= Salok Sahaskriti Mahalla Pehla =

Salok Sahaskriti Mehla Pehla (Pa: ਸਲੋਕ ਸਹਸਕ੍ਰਿਤੀ ਮਹਲਾ ੧) is collection of four verses written by Guru Nanak Dev which are present in Guru Granth Sahib, the holy book of Sikhs. The Salok is on page 1353 from line 6 to line 15. Sahaskriti couplets do not rhyme. These Salokas were composed in Varanasi while discourse with Hindu Pundit Gopal Das. The fifth Guru of Sikhism, Guru Arjun Dev also wrote Sahaskriti shalokas style known as Shalok Sehskritee Mehla Panjvan, which are detailed explanation of these shalokhas.

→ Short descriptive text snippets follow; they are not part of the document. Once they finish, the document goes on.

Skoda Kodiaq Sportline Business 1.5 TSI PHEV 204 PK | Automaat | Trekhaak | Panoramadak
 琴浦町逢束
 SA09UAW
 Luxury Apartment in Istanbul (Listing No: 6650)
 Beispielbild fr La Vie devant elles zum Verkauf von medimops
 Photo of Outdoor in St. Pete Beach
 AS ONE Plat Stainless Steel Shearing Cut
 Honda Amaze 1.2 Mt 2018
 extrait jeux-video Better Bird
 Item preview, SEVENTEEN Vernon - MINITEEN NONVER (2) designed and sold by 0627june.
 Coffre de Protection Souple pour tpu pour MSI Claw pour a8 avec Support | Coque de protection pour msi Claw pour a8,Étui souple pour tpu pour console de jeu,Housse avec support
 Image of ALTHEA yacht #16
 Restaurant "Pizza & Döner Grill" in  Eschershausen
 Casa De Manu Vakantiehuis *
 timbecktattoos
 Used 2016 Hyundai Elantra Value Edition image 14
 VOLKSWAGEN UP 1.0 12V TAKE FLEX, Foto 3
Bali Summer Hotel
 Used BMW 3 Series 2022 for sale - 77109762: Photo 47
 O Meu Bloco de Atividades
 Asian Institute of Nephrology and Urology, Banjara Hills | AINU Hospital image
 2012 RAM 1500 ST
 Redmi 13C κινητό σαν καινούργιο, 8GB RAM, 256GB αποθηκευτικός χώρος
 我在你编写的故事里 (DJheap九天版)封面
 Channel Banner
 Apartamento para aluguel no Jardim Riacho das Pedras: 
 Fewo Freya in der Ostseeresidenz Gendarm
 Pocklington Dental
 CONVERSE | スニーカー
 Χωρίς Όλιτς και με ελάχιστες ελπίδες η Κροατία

==Structure and language==
These Salokas starts with Mool Mantar (The meanings of The One). Sahaskriti is a language used which is mixture of Pali, Sanskrit and Prakrit language. It is also called Gatha. Further more it can be called folk form of Sanskrit point towards ancient resources. In Gurbani due to different languages like Sahaskriti, Sudhakari, Braj, Punjabi makes linguistic Catholicism. This language was also used by Yogis for literature work.